### About this task:
From the first line of the data below, repeat each line exactly until you reach the line with "-dostupno - MojAuto"; include that line too.

### Exercise material:
^^^^^^^^^^^^^^^^

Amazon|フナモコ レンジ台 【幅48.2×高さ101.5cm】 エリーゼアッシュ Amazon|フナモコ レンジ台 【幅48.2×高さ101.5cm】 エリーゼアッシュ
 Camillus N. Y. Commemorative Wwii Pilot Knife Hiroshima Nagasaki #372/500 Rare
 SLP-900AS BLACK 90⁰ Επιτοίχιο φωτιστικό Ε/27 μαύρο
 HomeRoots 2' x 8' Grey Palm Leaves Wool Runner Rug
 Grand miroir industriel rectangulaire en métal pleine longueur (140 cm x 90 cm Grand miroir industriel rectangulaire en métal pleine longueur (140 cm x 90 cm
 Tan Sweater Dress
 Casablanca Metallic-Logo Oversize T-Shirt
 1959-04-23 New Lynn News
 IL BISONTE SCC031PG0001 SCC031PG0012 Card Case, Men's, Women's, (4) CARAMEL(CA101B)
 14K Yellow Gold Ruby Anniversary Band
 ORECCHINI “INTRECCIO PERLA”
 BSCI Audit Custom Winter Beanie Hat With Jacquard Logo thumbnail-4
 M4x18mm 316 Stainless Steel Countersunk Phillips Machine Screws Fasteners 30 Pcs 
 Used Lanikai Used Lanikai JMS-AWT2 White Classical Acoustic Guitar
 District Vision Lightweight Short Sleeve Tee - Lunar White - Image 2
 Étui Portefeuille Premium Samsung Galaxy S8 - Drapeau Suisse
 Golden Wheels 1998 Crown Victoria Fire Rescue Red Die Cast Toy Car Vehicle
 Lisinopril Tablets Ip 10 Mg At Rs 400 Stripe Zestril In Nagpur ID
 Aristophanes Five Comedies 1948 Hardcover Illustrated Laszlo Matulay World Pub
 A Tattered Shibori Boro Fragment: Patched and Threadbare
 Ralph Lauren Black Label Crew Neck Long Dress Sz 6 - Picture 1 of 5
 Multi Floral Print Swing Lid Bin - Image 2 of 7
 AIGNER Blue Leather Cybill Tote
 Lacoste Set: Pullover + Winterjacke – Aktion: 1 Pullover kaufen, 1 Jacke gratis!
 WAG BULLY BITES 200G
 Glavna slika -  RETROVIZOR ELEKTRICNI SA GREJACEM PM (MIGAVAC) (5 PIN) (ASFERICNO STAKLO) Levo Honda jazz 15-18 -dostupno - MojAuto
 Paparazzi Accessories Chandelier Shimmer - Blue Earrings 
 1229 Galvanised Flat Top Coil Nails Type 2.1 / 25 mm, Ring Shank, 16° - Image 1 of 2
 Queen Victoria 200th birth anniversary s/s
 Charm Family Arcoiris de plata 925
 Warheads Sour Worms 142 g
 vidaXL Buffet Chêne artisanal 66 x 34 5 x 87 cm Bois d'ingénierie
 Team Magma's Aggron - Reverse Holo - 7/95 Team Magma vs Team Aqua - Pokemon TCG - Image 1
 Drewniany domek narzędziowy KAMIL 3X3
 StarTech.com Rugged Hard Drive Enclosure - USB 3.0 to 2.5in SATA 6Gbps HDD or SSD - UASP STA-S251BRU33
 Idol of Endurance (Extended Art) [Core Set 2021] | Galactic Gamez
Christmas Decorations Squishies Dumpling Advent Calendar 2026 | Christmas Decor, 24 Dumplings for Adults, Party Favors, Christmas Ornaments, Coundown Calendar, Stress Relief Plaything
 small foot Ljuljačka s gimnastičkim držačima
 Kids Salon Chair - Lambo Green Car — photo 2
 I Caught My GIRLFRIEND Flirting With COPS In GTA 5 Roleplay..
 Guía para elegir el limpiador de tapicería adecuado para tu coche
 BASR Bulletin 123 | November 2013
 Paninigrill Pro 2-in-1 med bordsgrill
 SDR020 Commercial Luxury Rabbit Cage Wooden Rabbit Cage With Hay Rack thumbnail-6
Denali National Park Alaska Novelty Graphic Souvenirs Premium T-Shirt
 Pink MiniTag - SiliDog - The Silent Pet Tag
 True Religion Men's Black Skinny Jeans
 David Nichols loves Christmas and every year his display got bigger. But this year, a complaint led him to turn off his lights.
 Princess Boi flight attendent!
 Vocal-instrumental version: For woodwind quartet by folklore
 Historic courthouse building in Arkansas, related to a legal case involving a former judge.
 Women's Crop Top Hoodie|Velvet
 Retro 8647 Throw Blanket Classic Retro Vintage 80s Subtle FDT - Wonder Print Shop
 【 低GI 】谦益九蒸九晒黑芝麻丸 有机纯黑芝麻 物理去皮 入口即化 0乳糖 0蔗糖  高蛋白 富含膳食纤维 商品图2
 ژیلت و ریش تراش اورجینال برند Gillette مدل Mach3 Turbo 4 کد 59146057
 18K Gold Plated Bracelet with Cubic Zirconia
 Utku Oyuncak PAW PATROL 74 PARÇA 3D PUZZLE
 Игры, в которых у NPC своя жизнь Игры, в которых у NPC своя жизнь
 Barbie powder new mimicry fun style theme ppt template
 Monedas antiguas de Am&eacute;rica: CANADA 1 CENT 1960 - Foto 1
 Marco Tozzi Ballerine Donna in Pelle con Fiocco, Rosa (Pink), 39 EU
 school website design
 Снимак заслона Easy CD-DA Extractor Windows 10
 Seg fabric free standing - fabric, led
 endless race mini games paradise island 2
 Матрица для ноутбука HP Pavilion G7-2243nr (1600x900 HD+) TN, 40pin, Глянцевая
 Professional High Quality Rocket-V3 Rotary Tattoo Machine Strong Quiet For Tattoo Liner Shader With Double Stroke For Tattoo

^^^^^^^^^^^^^^^^

### Result for this task:
Amazon|フナモコ レンジ台 【幅48.2×高さ101.5cm】 エリーゼアッシュ Amazon|フナモコ レンジ台 【幅48.2×高さ101.5cm】 エリーゼアッシュ
 Camillus N. Y. Commemorative Wwii Pilot Knife Hiroshima Nagasaki #372/500 Rare
 SLP-900AS BLACK 90⁰ Επιτοίχιο φωτιστικό Ε/27 μαύρο
 HomeRoots 2' x 8' Grey Palm Leaves Wool Runner Rug
 Grand miroir industriel rectangulaire en métal pleine longueur (140 cm x 90 cm Grand miroir industriel rectangulaire en métal pleine longueur (140 cm x 90 cm
 Tan Sweater Dress
 Casablanca Metallic-Logo Oversize T-Shirt
 1959-04-23 New Lynn News
 IL BISONTE SCC031PG0001 SCC031PG0012 Card Case, Men's, Women's, (4) CARAMEL(CA101B)
 14K Yellow Gold Ruby Anniversary Band
 ORECCHINI “INTRECCIO PERLA”
 BSCI Audit Custom Winter Beanie Hat With Jacquard Logo thumbnail-4
 M4x18mm 316 Stainless Steel Countersunk Phillips Machine Screws Fasteners 30 Pcs 
 Used Lanikai Used Lanikai JMS-AWT2 White Classical Acoustic Guitar
 District Vision Lightweight Short Sleeve Tee - Lunar White - Image 2
 Étui Portefeuille Premium Samsung Galaxy S8 - Drapeau Suisse
 Golden Wheels 1998 Crown Victoria Fire Rescue Red Die Cast Toy Car Vehicle
 Lisinopril Tablets Ip 10 Mg At Rs 400 Stripe Zestril In Nagpur ID
 Aristophanes Five Comedies 1948 Hardcover Illustrated Laszlo Matulay World Pub
 A Tattered Shibori Boro Fragment: Patched and Threadbare
 Ralph Lauren Black Label Crew Neck Long Dress Sz 6 - Picture 1 of 5
 Multi Floral Print Swing Lid Bin - Image 2 of 7
 AIGNER Blue Leather Cybill Tote
 Lacoste Set: Pullover + Winterjacke – Aktion: 1 Pullover kaufen, 1 Jacke gratis!
 WAG BULLY BITES 200G
 Glavna slika -  RETROVIZOR ELEKTRICNI SA GREJACEM PM (MIGAVAC) (5 PIN) (ASFERICNO STAKLO) Levo Honda jazz 15-18 -dostupno - MojAuto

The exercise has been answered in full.